2. How much time does the lien holder have to give the tenant to move out?
The federal Helping Families Save Their Homes Act of 2009 became effective May 20, 2009, and will expire at the end of 2014. The law gives tenants the right to stay in the rental home for 90 days after foreclosure or through the term of their lease unless the property is sold to someone who will occupy the home. If the new owner will live in the home, leases can be terminated with 90 days written notice. The bill provides similar protections to housing voucher holders.

3. If the tenant pays rent to the current landlord and then receives written notification of a foreclosure, does the tenant also have to pay rent to the new landlord?
No. Until the purchaser gives the tenant written notice that the property was bought and a name and address where to send payments, the tenant is not responsible for rental payments to the new landlord. Further, a tenant is protected by law if the tenant pays the rent to the old landlord prior to the notification of foreclosure.

The Texas Property Code states that if during the month of the foreclosure sale, the tenant pays the rent to the landlord before receiving any notice of the foreclosure sale or pays rent to the foreclosing lien holder or the purchaser at foreclosure not later than the fifth day after receipt of a written notice of the name and address of the purchaser requesting payment, the tenant is considered to have timely paid the rent.

4. Is court action necessary for a property to be foreclosed on?
No. Typically, a 21-day notice will be sent to the mortgagor stating that the loan is in default and the property will be subject to foreclosure sale on the first Tuesday of the following month. If the landlord does not cure the default, the property will be sold. All foreclosure sales are held on the first Tuesday of the month.

To verify this process, ATC recommends that the tenant call a local foreclosure hotline, if available, or contact the local courthouse for postings.

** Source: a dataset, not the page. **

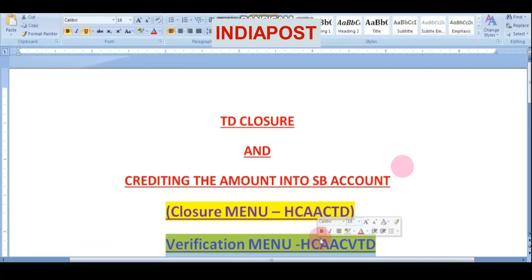Welcome back. In this topic we are going to see how to close a TD account and credit the amount into an SB account. The menu is HCAA CTD and verification is HCAA CVTD.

5. How can a tenant obtain proof that a landlord has been foreclosed upon?
If the tenant suspects that foreclosure has occurred, the tenant should send a letter to the current management company and ask whether a foreclosure sale has occurred. The letter should give the management company seven days from the date it received the letter to respond. We suggest to send the letter certified mail, return receipt requested. The tenant should keep a copy of the letter.

A tenant can also visit the county courthouse and review the listings of current foreclosures. Larger cities often have services such as a foreclosure hotline which can verify impending foreclosures up to three weeks in advance.

6. Who is responsible for the security deposit after a foreclosure and how does the tenant get it back?
The former landlord is responsible for the refund of the security deposit to the tenant, although many attempt to retain it. Typically the tenant receives written verification of the foreclosure from the former owner, the management company, or the lien holder.

As soon as this verification is received, the tenant should send a demand letter to the former landlord giving 10 days from the date the letter is received to return the security deposit. Sending this letter by certified mail, return receipt requested is recommended. The landlord, however, may have the usual 30 days to refund the security deposit. The security deposit law does not provide a time period for refund of a deposit following a foreclosure, but it is assumed to be 30 days.

If the tenant moves out after the lease ends and then the property is foreclosed on, the landlord still has 30 days to refund the deposit.

Finally, if the landlord who holds the deposit files bankruptcy and lists the deposit as a protected debt, the tenant should be notified of the bankruptcy by the court and must fill out a proof of claim form and file it with the court. This ensures that the tenant’s claim for the deposit will be paid if there are sufficient assets to distribute to creditors.

7. Does the former landlord have the right to withhold any part of the security deposit after foreclosure?
No. This is the former owner of the property and not someone who holds the title to the premises. The former landlord does not have the right to walk through the property prior to returning deposit monies and cannot verify the condition of the premises. Therefore, the former landlord has no right to claim damages to the property and has no right to withhold any part of the deposit.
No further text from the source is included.